Dhong’s previous work had study participants touch single-molecule-thick layers of silanes – compounds containing only silicon and hydrogen – and it turned out that they could differentiate them based on slight changes in friction caused by chemical differences, including the substitution of one atom within each silane molecule with an amine. But his new study demonstrates that our sense of touch can also identify chemical changes as small as swapping a nitrogen atom for a carbon atom.
‘Even though we show that it is a single atom substitution, we are really talking about multiple length scales of phenomenon here,’ Dhong explained. ‘That small change in the chemical structure gives rise to the difference in molecular forces, which gives rise to these changes in friction, which you ultimately perceive.’
Dhong’s team also performed experiments that focused on the perceived texture of thin layers of polymers with identical formulas and molecular weights, but different degrees of crystallinity. As in silanes, the study subjects were able to differentiate between the polymers based only on variations in the friction resulting from slight changes to the crystallinity of the molecules.
‘Even these subtle changes in crystallinity – so we are talking about molecules that have the same molecular weight, same structure, but they have different stereochemistry and we are using different processing conditions – we found that people can actually tell differences in crystallinity in polymer films,’ Dhong recounted.
In terms of future applications, he hopes that these findings can be combined with existing tactile aids to make them higher contrast. ‘If we think about VR applications, there is still this limitation of the number of different tactile sensations that these bumps or buzzers can make,’ Dhong said. He envisions a scenario where some of his discoveries can be adapted to a new system, for example an electronic glove, that can allow greater tactile sense through electrical control.
Dhong pointed out that the technologies currently available to people with low vision and blindness, for example, don’t have the same kind of information density as a visual graphic. ‘Also, if you have low vision and blindness, can we develop better technologies to close the gap between Stem education, making abstract concepts a little more accessible.’
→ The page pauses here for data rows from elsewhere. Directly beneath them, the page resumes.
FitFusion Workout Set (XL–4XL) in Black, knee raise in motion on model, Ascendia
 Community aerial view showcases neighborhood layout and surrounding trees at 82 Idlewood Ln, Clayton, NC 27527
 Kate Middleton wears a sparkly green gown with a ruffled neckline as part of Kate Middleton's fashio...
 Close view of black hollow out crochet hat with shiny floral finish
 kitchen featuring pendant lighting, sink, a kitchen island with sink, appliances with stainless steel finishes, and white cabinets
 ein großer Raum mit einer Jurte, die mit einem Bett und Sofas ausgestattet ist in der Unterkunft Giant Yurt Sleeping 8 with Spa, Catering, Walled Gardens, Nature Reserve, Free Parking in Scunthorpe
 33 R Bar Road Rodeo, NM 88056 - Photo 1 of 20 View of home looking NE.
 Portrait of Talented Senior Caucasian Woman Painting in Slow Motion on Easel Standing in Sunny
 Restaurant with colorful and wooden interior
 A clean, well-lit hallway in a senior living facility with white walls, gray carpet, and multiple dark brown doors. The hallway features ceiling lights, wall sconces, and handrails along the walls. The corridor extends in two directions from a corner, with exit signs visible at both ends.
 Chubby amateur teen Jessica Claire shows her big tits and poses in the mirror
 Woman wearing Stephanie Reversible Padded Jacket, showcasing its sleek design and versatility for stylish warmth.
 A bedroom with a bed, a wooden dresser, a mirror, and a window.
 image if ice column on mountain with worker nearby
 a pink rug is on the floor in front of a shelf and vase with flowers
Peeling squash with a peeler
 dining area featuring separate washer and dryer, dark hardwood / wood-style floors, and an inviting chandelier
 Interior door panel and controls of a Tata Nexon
Roberta Klatzky, a professor of psychology and human-computer interaction at Carnegie Mellon University in Pennsylvania, US, finds it fascinating that such tiny modifications to a surface can yield changes in the perception of touch. ‘It is a surprise how little you have to change a surface in order to get detectable effects, and it is very interesting that people can pick up chemical composition by virtue of the frictional changes,’ adds Klatzky, who has studied the human perception of touch for decades but was not involved in the research. She suggests that beyond friction, thermal changes may also play a role in the phenomenon reported by Dhong and colleagues.